After reading this post, you will know:

- Not everyone should learn probability; it depends where you are in your journey of learning machine learning.
- Many algorithms are designed using the tools and techniques from probability, such as Naive Bayes and Probabilistic Graphical Models.
- The maximum likelihood framework that underlies the training of many machine learning algorithms comes from the field of probability.

Discover bayes opimization, naive bayes, maximum likelihood, distributions, cross entropy, and much more in my new book, with 28 step-by-step tutorials and full Python source code.

Let’s get started.

## Overview

This tutorial is divided into seven parts; they are:

- Reasons to NOT Learn Probability
- Class Membership Requires Predicting a Probability
- Some Algorithms Are Designed Using Probability
- Models Are Trained Using a Probabilistic Framework
- Models Can Be Tuned With a Probabilistic Framework
- Probabilistic Measures Are Used to Evaluate Model Skill
- One More Reason

## Reasons to NOT Learn Probability

Before we go through the reasons that you should learn probability, let’s start off by taking a small look at the reason why you should not.

I think you should not study probability if you are just getting started with applied machine learning.

**It’s not required**. Having an appreciation for the abstract theory that underlies some machine learning algorithms is not required in order to use machine learning as a tool to solve problems.**It’s slow**. Taking months to years to study an entire related field before starting machine learning will delay you achieving your goals of being able to work through predictive modeling problems.**It’s a huge field**. Not all of probability is relevant to theoretical machine learning, let alone applied machine learning.

I recommend a breadth-first approach to getting started in applied machine learning.

I call this the results-first approach.
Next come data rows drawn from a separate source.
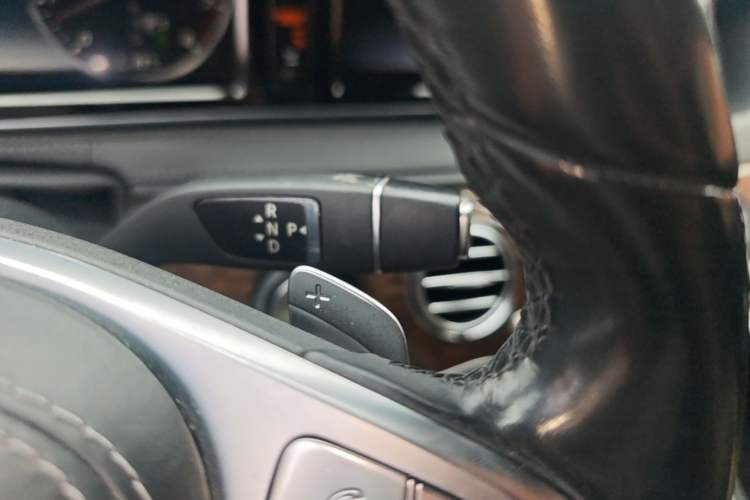 Used Mercedes-Benz S-Class 2014 S 320 L Business Model Gear Lever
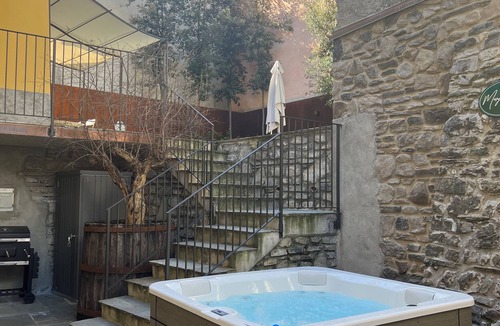 Vassena Apartment | Apartment 'Al Molo 5 Suites - Jacuzzi' with Sea View, Wi-Fi and Air Conditioning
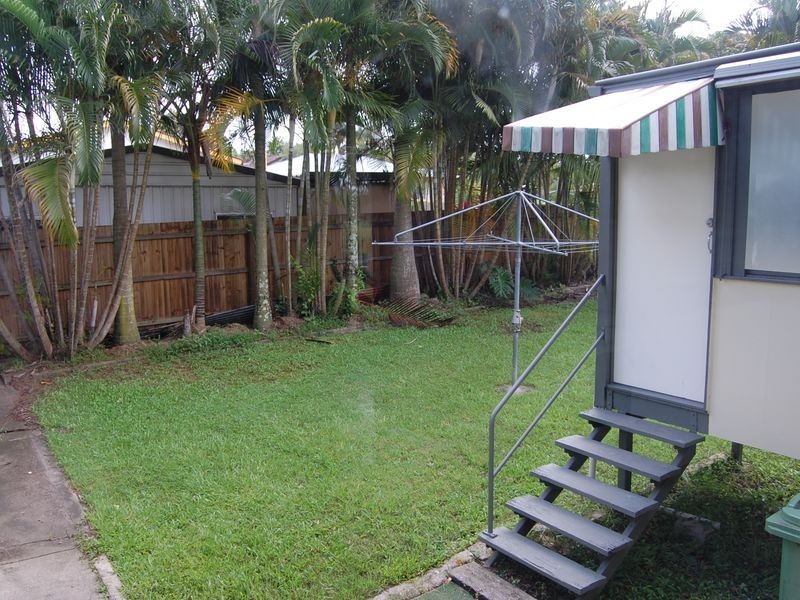 19 Oates Ave, Woodridge QLD 4114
It is where you start by learning and practicing the steps for working through a predictive modeling problem end-to-end (e.g. how to get results) with a tool (such as scikit-learn and Pandas in Python).

This process then provides the skeleton and context for progressively deepening your knowledge, such as how algorithms work and, eventually, the math that underlies them.

After you know how to work through a predictive modeling problem, let’s look at why you should deepen your understanding of probability.

### Want to Learn Probability for Machine Learning

Take my free 7-day email crash course now (with sample code).

Click to sign-up and also get a free PDF Ebook version of the course.

## 1. Class Membership Requires Predicting a Probability

Classification predictive modeling problems are those where an example is assigned a given label.

An example that you may be familiar with is the iris flowers dataset where we have four measurements of a flower and the goal is to assign one of three different known species of iris flower to the observation.

We can model the problem as directly assigning a class label to each observation.

**Input**: Measurements of a flower.**Output**: One iris species.

A more common approach is to frame the problem as a probabilistic class membership, where the probability of an observation belonging to each known class is predicted.

**Input**: Measurements of a flower.**Output**: Probability of membership to each iris species.

Framing the problem as a prediction of class membership simplifies the modeling problem and makes it easier for a model to learn. It allows the model to capture ambiguity in the data, which allows a process downstream, such as the user to interpret the probabilities in the context of the domain.

The probabilities can be transformed into a crisp class label by choosing the class with the largest probability. The probabilities can also be scaled or transformed using a probability calibration process.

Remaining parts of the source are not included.